From the first line to the last, return the data exactly as written.

## The data
-------

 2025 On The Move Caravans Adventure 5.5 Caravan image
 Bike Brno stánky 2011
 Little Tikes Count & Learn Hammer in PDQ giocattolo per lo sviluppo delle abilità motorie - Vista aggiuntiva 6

-------

## Finished task
 2025 On The Move Caravans Adventure 5.5 Caravan image
 Bike Brno stánky 2011
 Little Tikes Count & Learn Hammer in PDQ giocattolo per lo sviluppo delle abilità motorie - Vista aggiuntiva 6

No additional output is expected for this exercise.